Edward C. Volkert (1871-1935)
Along the Road
Oil on canvas
Gift of the Hartford Boiler Inspection and Insurance Company
Images showing farm labor, like ice harvesting or salt haying, as well as quiet scenes that only hint at the agrarian lifestyle were also common. Ranger was a real proponent of these more contemplative yet still “humanized” landscapes. He remarked that “a farmer can’t cut down a tree or build a fence or dig a ditch or throw a bridge across a rill without helping to humanize his land. And a sensitive person will unconsciously feel the spell woven by generations of husbandmen piling the stones from the fields into walls.”
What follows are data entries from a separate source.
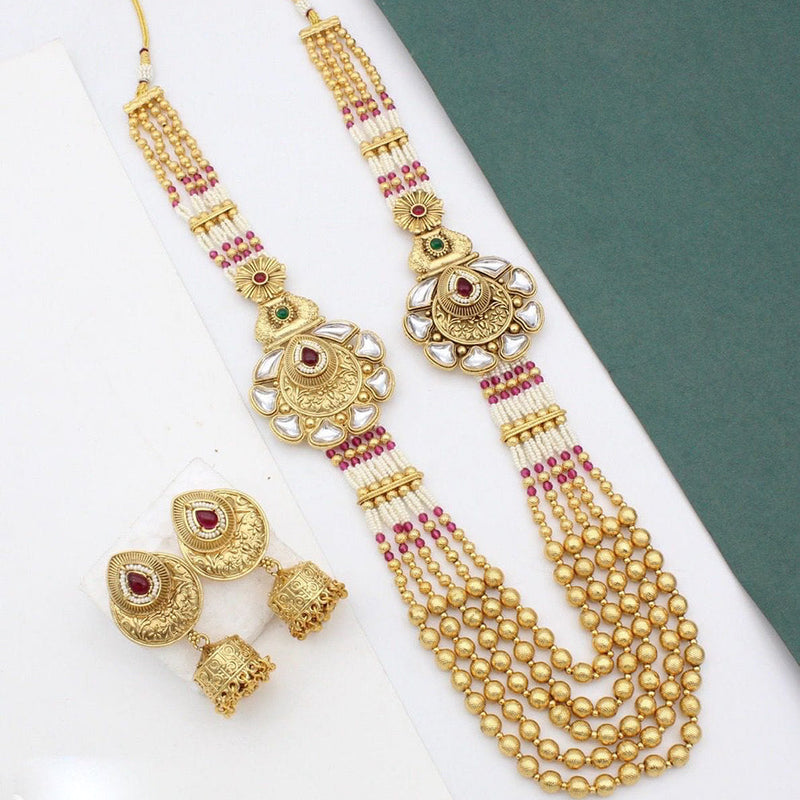 JCM Gold Plated Kundan Stone And Pearls Long Necklace Set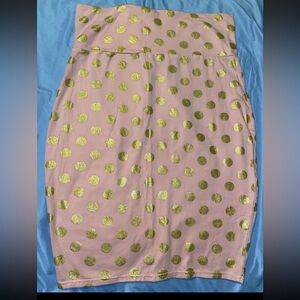 pink with gold polka dots skirt adult size large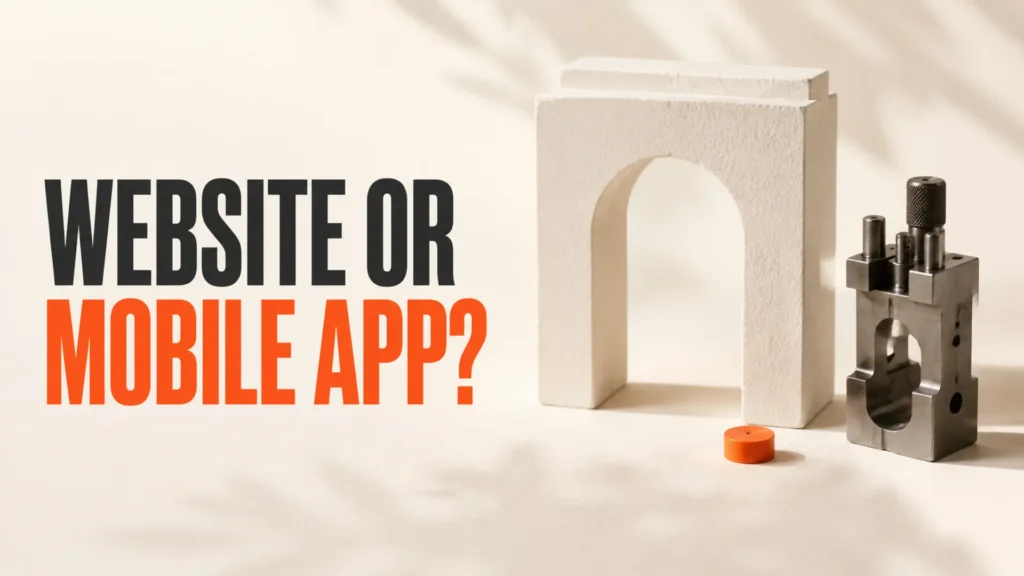 Website gateway and precision tool beside the headline Website or Mobile App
Louis Paul Dessar (1867-1952)
The Wood Chopper, 1906
Oil on canvas
Gift of Mr. Fenton L.B. Brown
Artists come early in the spring and stay late in the fall and fraternize with the farmers who raise sheep for their benefit, keep oxen for their good and cart home picturesque heaps of sedge and hay from the russet salt marshes that border the town on its southernside.
— Unidentified writer in article paintings at Lyme: Exhibition for benefit of local library, 1903
Beginning with the earliest artists affiliated with the Lyme Art Colony and continuing to the present day,
paintings of the New England farm were popular subjects that were well received by the viewing and purchasing public. From sheep grazing on windswept hills and farmers toiling in the fields to quiet empty fields guarded by and ancient stone wall, these Lyme images captured a nostalgic sense of the past. These intimate views of rural life, as well as the tender “animalscapes,” as they are sometimes called, painted in Lyme and Old Lyme, were created by some of the most prominent painters working in this genre.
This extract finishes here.